Greek Australian author Arthur Antonopoulos returns with Dark Salonica, a novel that positions Thessaloniki not simply as a backdrop, but as a living presence shaped by memory, myth and buried histories.
Following Dark Athens, Antonopoulos’ latest work shifts north, into a city he describes as carrying a distinctly haunting energy. “Moving the story from Athens to Thessaloniki felt like a natural evolution rather than a change of scenery,” he explains. “Dark Athens explored deception and truth through the hidden symbols of the capital, while Thessaloniki is a city of ghosts – Byzantine, Ottoman, Jewish and modern – all layered beneath the surface.”
That layered identity became central to the novel. Antonopoulos says what fascinated him most was how fragmented yet complete the city feels. “Myth and history blur here,” he says. “The towers, tunnels and the sea reflect the characters’ own conflicts. In Dark Salonica, Thessaloniki isn’t just a setting – it’s a living presence that challenges both readers and characters to confront what lies beneath.”

While the novel blends crime, historical mystery and existential reflection, Antonopoulos says – remains the driving force of his storytelling. “The historical mystery still drives the story – that’s where my heart is,” he says, describing the long hours spent researching connections between the ancient and modern worlds. At the same time, the existential dimension deepened organically. “Writing these books means disappearing into the characters’ emotions and voices,” he explains. “Many scenes were written exactly where they take place, and that gave me a kind of raw authenticity.”
Readers will encounter the return of Ariadne and Aliatis, characters who have matured since Dark Athens, but who are also more exposed. “They’ve both grown, but the weight of secrets still defines them,” Antonopoulos says, noting that Aliatis’ true intentions remain deliberately ambiguous.
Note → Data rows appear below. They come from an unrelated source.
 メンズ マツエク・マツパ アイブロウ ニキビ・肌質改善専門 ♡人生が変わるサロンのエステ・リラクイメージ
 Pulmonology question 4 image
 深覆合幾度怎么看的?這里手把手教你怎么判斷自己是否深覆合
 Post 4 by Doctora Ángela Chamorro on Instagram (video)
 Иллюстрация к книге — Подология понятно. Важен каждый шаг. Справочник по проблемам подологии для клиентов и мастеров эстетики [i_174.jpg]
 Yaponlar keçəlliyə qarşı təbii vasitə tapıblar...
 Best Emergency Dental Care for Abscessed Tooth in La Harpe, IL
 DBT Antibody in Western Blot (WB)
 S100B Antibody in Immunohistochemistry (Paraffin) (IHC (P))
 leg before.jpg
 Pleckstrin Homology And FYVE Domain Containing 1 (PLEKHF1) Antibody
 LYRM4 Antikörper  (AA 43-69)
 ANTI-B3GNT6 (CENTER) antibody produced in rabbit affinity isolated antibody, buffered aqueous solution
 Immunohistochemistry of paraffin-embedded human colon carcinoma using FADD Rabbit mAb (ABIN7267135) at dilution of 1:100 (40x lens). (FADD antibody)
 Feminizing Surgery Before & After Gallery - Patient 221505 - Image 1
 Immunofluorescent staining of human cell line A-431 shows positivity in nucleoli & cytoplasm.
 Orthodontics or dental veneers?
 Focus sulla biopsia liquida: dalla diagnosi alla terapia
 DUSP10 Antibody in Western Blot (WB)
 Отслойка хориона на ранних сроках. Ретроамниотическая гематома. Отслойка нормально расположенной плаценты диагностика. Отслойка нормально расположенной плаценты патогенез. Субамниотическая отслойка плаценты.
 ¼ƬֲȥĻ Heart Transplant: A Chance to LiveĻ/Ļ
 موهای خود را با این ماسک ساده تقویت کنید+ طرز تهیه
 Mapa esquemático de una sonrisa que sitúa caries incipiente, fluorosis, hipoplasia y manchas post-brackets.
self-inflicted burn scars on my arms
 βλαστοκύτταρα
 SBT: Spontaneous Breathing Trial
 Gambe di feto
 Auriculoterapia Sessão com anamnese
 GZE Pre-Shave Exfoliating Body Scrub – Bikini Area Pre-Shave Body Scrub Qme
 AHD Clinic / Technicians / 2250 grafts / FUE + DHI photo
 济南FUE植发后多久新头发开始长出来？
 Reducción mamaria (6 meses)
Drawn into a conspiracy rooted in the Byzantine world, the pair must navigate a space where truth and deception are inseparable. “Their journey this time is about what knowledge costs,” he says. “Sometimes truth destroys more than it reveals.”

Thessaloniki’s hidden histories play a powerful role throughout the novel. Antonopoulos speaks of countless hours spent wandering its museums, courtyards and sea walls. “From underground catacombs to arcane churches and the aftermath of a disastrous fire, the city never stops revealing new layers,” he says. One detail that particularly struck him was learning that Thessaloniki expanded seawards by more than a hundred metres in the early 20th century. “It captures the spirit of buried lives and forgotten truths,” he adds – an idea that runs quietly but persistently through the book.
At the heart of Dark Salonica is the hunt for an ancient relic – the Club of Hercules – which Antonopoulos describes as deeply symbolic. “The relic represents truth and how it’s manipulated, buried or reshaped over time,” he says. As part of what he calls the “Dark” trilogy, the novel also challenges historical narratives that downplay Hellenic innovation. “I wanted to explore how philosophy, science and spirituality born in the Hellenic world evolved into Byzantium and beyond,” he explains. “The Club becomes a metaphor for that continuity – fragile, but enduring.”
For readers paying close attention, Antonopoulos confirms there is a clear thread connecting Dark Athens and Dark Salonica. “The books are building toward Dark Crete, the final part of the trilogy,” he says. “Dark Athens focused on symbolism; Dark Salonica on architecture and how physical structures hold memory. The past keeps echoing through the present. We are its continuation.”
Much has changed for the author in the four years since Dark Athens was released. Antonopoulos has completed a Master’s in Clinical Psychology, now teaches in the Psychology Department at Hellenic American University in Athens, and is shaping the direction of his PhD research. The pandemic years limited travel, but this December he will return to Australia. “I’m excited to reconnect with the Greek community and with my family and friends,” he says. “Melbourne has changed, but the sense of belonging hasn’t – especially when I walk past the streets around Lonsdale and the Queen Victoria Hospital.”

Looking ahead, Dark Crete is planned for release in 2027 and will span the entire island. Antonopoulos describes it as the culmination of everything explored so far. “It will reveal the characters’ true motives and challenge readers to think about identity, deception, and how personal history shapes belief,” he says – and how that belief, in turn, can be manipulated.
With Dark Salonica, Arthur Antonopoulos continues to merge literature, history and psychology, offering readers not just a story, but an invitation to look again at what lies beneath the surface – of cities, of narratives, and of themselves.